Петр Аксенов широко известен в медиа - и fashion - кругах Москвы. На его счету сотрудничество в качестве стилиста с журналами L'Officiel, ELLE, Vogue, GQ, MENU Удовольствий, создание fashion-проектов – May Fashion, Nightlight Awards, руководство арт-кафе «Галерея», многочисленные выставки и художественные проекты. Его творческие работы уже давно нашли отклик в сердцах Умы Турман, Милы Йовович, Марата Загидулова, Александра Карманова, Милен Фармер, Лорана Бутона, закрепив за художником славу настоящего эстета. Первая персональная выставка Аксенова «Трагедия Белоснежки» открылась 15 сентября в галерее RuArts.
- Петя, что ты чувствуешь сейчас, спустя неделю с момента открытия выставки, когда страсти уже немного улеглись?

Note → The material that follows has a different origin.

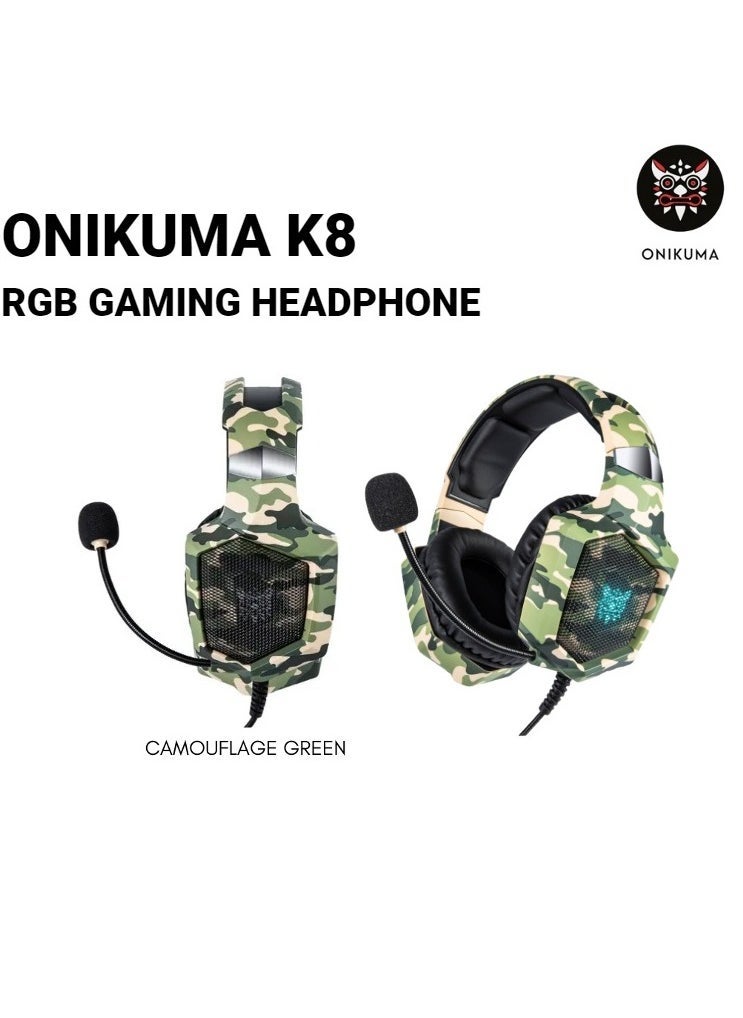 ONIKUMA K8 Stereo Gaming Headset with Mic and Controls for PC, PS4, Xbox and Mobiles (Camouflage Green) - Image 4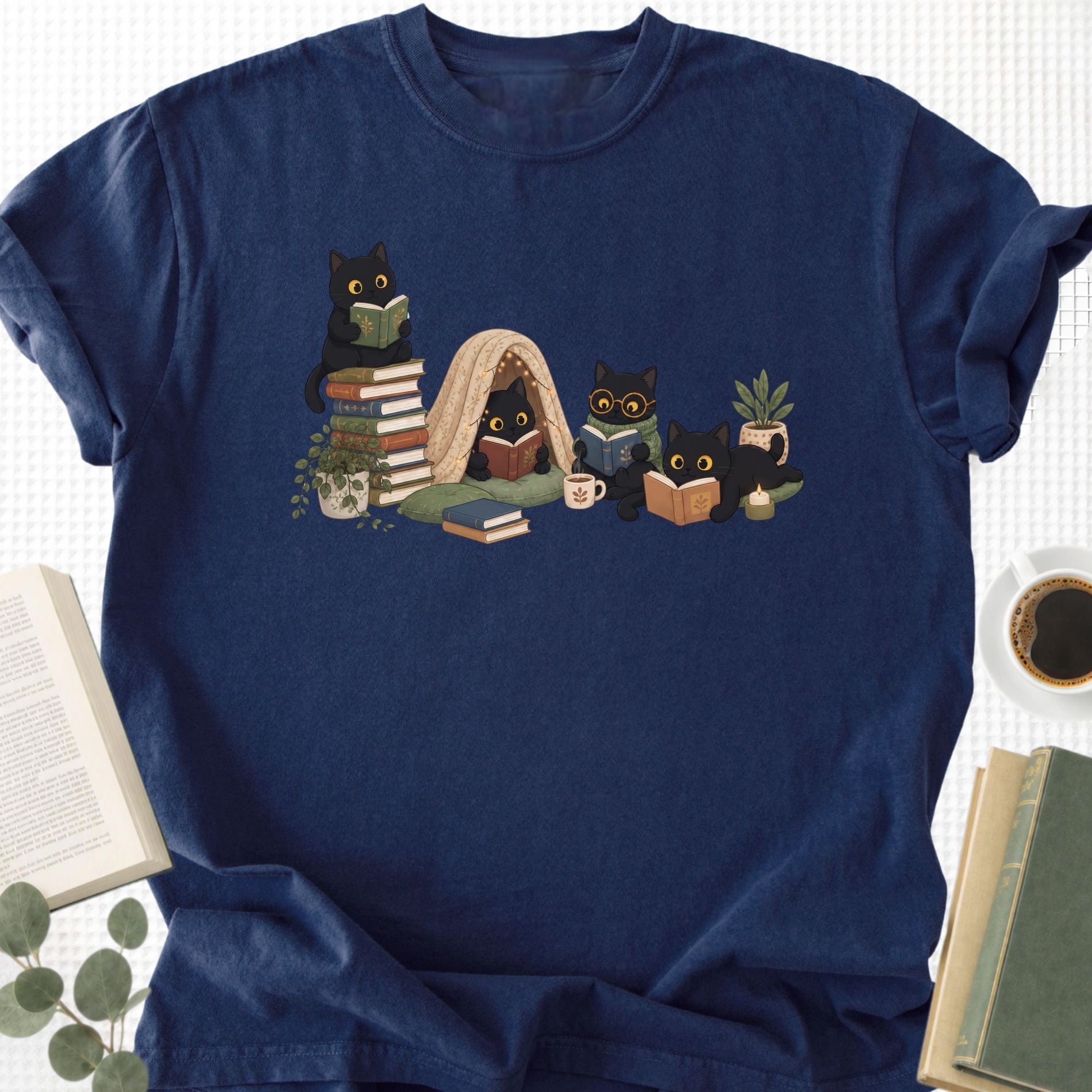 Black Cat Reading Unisex T-Shirt - Book Social Club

- Как бы это пафосно не звучало, но, когда я проснулся на следующее после открытия утро, то почувствовал, что теперь моя жизнь все же станет другой. Ведь до этого момента род моей деятельности так или иначе представлял сферу пусть и каких-то необыкновенных, но все же услуг. То я, словно по мановению волшебной палочки, старался превращать в праздник любые проекты. То делал какие-то фантастические проекты со съемками. То собирал интересных творческих людей для работы над совместными художественными проектами. Но, как бы то ни было, я все время создавал что-то для кого-то. «Трагедию Белоснежки» я задумывал, прежде всего, для себя. Хотя, конечно же, и для людей. А еще одна вещь, которая меня поразила, - это то, что многие гости выставки (часто совсем не знакомые мне люди), посмотрев на мои работы, говорили, что действительно не ожидали такого увидеть. И каждый находил в них что-то свое: для кого-то выставка по-новому открыла Красоту, кто-то почувствовал в ней мощную социальную подоплеку, для кого-то она стала образцом профессионализма в работе. Я считаю, что каждый должен в жизни что-то проповедовать, и «Трагедию Белоснежки» можно считать моей проповедью. Главное, что я сейчас ощутил, - это то, что я могу влиять на людей не своими внешними проявлениями, а внутренним миром.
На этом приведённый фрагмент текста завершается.